# North Hall County



## TommyA(GA) (Nov 12, 2009)

Does anyone have anything to say about the hunting in Hall County?  I've only seen a handful of rubs so far.  I have heard that the rut is usually mid to late November.  Maybe around Thanksgiving.  Is this correct?


----------



## josh chatham (Nov 12, 2009)

sounds about right.  I havent seen any fresh rubs and no scrapes so far this year.  Usually starts to kick up around late november through mid dec (in the higher elevations).  Should start seeing some big ones getting taken out over the next few weeks!!


----------



## Retired Army Guy (Nov 16, 2009)

I agree.  This weather pattern is going to make sightings tougher as well.  Its down right hot in the day and then cool at night.  The deer will play at night more when its more comfortable.


----------



## TommyA(GA) (Nov 16, 2009)

Anyone else?


----------



## mitchi (Nov 17, 2009)

*Hall*

I hunt in the Chestatee Road area and I have seen very little movement and sign.  Traditionally, I 've seen the smaller bucks chasing mid to late November.  I good cold snap would help jump start things.


----------



## Retired Army Guy (Nov 17, 2009)

I hunt Lumpkin. North Hall and Franklin.  No signs of a rut in any of them.


----------



## Gunnar75 (Nov 18, 2009)

*rut*

I saw a 6pt chasing 4 does while mountain biking out at Chicopee Woods, also saw the largest deer I've ever seen out there around 140-145 8pt didn't even care about the does or 6pt.


----------



## ja88red (Nov 18, 2009)

I have some land near chicopee woods many deer I have seen 7 different bucks on my trail cam and come this weekend and next week I hope to put one down. But the north part of hall is looking good seen very fresh rubs this week and last week so be ready at any moment


----------



## DanBROWNING (Nov 19, 2009)

i am in east hall co,deer movement has been slooooooow,seen 2 nice large scraps last week that were not there the week before , checked um yesterday evening and its like he hasnt been back 2  them. really need cold weather 2 get um movin during the day.


----------



## dadams (Nov 19, 2009)

hunted for the past week and seen about nothing!  can we get some cold weather please!


----------



## TommyA(GA) (Nov 19, 2009)

I get pictures of deer every night.  Last nights pictures showed 5 does in my pasture but I have not seen anything during daylight hours in a couple weeks.  At least the does are around.  I guess it's just a matter of time.


----------



## j_seph (Nov 19, 2009)

ja88red said:


> I have some land near chicopee woods many deer I have seen 7 different bucks on my trail cam and come this weekend and next week I hope to put one down. But the north part of hall is looking good seen very fresh rubs this week and last week so be ready at any moment


 A guy was telling me about a monster 10 point getting ran over on 985 around chicopee last week


----------



## dadams (Nov 21, 2009)

shot a decent 8 this morning his hocks stunk and as black.  he come out with nose to the ground.


----------



## Youngbuck1928 (Nov 27, 2009)

I hunt North Hall, there were 5 bucks killed this week Nov. 22-27 that were nice that I know of.  The bucks are careless right now, we have seen several bucks chasing does on our club this week.  A 10 y/o killed a nice 8 pt. Thanksgiving evening.  In my opinion, now is the time to hunt the hardest.


----------



## TommyA(GA) (Dec 2, 2009)

Youngbuck1928 said:


> I hunt North Hall, there were 5 bucks killed this week Nov. 22-27 that were nice that I know of.  The bucks are careless right now, we have seen several bucks chasing does on our club this week.  A 10 y/o killed a nice 8 pt. Thanksgiving evening.  In my opinion, now is the time to hunt the hardest.

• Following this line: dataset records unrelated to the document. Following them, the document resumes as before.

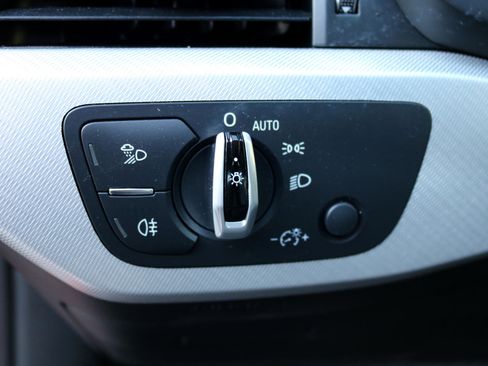 Used 2017 Audi A4 2.0T Premium Plus w/ Premium Plus Package image 30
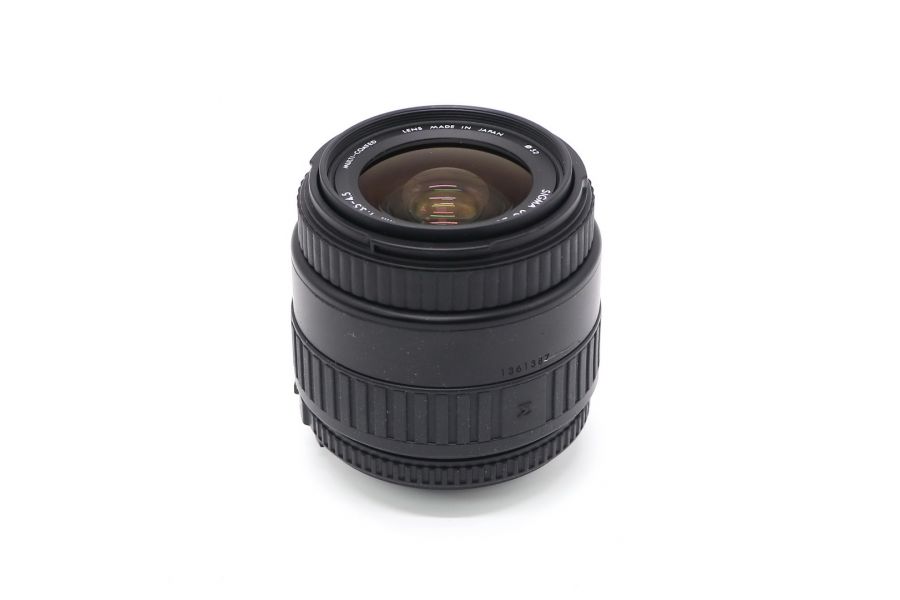 Sigma AF 28-70mm f/3.5-4.5 MC UC Zoom Nikon F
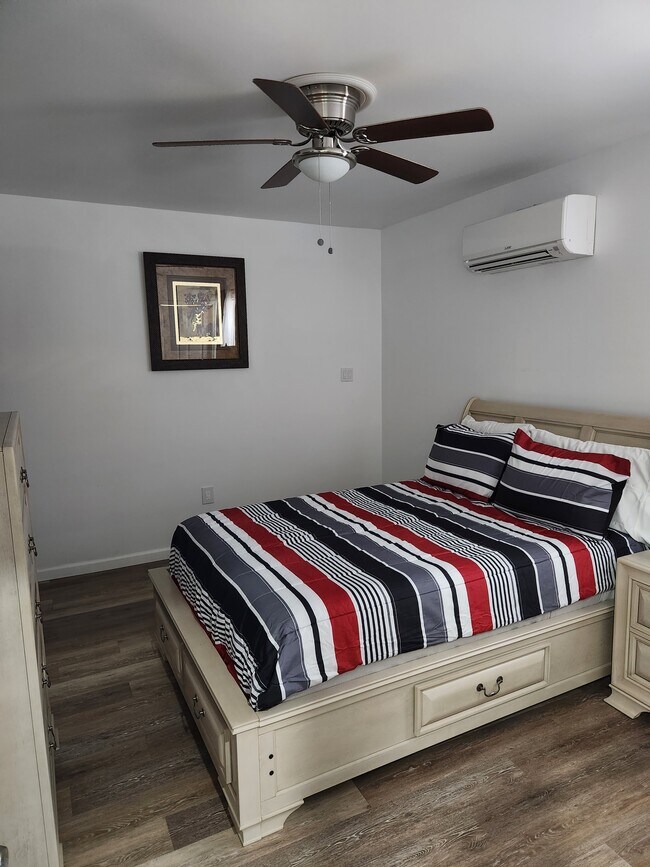 Foto principal - 4828 Cheviot Rd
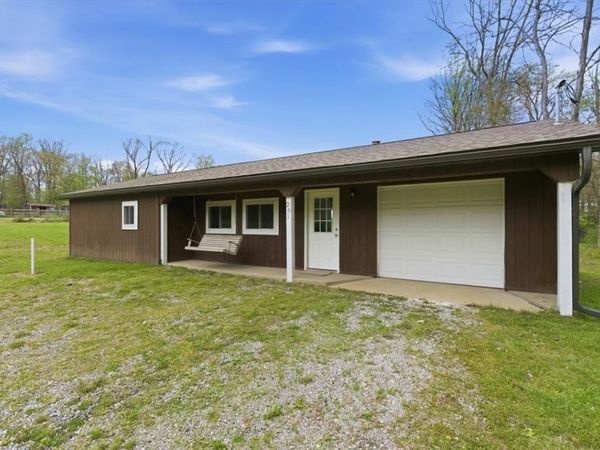 261 Hilltop Acres, Slippery Rock, PA 16057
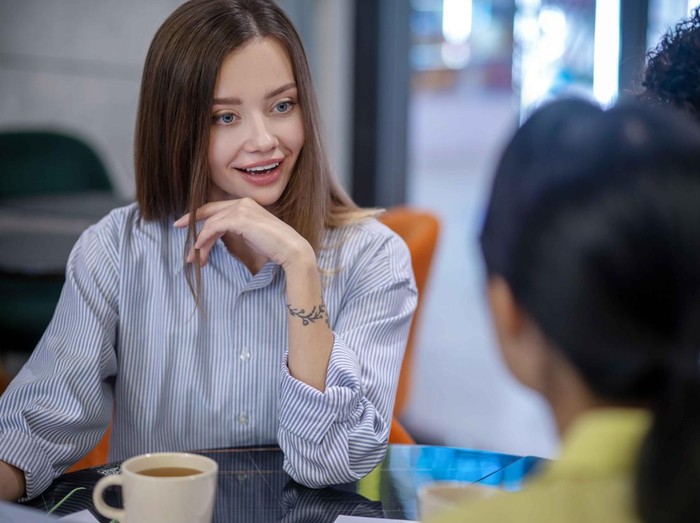 Meskipun terselubung, kamu bisa mengetahui orang yang pura-pura rendah hati padahal haus pujian melalui kalimat yang mereka ucapkan berikut ini.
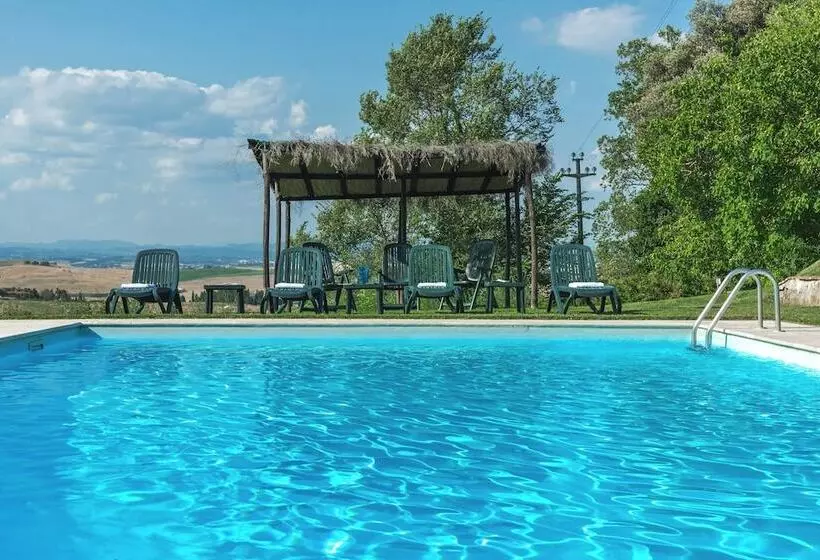 Отель Villa E Fattoria Di Radi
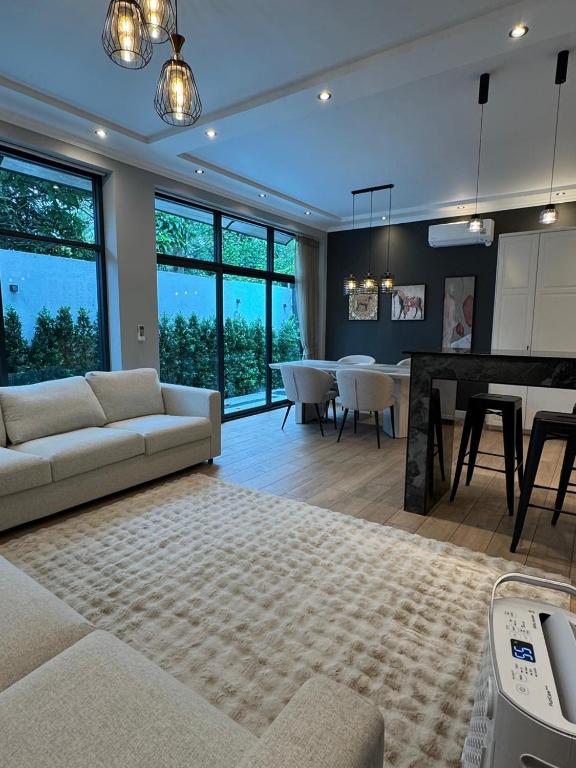 Villa Maria Luxury - B&B Kamala Beach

Where's your club at?  Got room for next year if it's close to me?  I'm off of 60.


----------



## TommyA(GA) (Dec 12, 2009)

Any more updates for North Hall Co between 400 and 985?


----------



## Jighead (Dec 13, 2009)

My buddy fished a tournament on the lake yesterday and seen deer all day, seen several bucks chasing does.


----------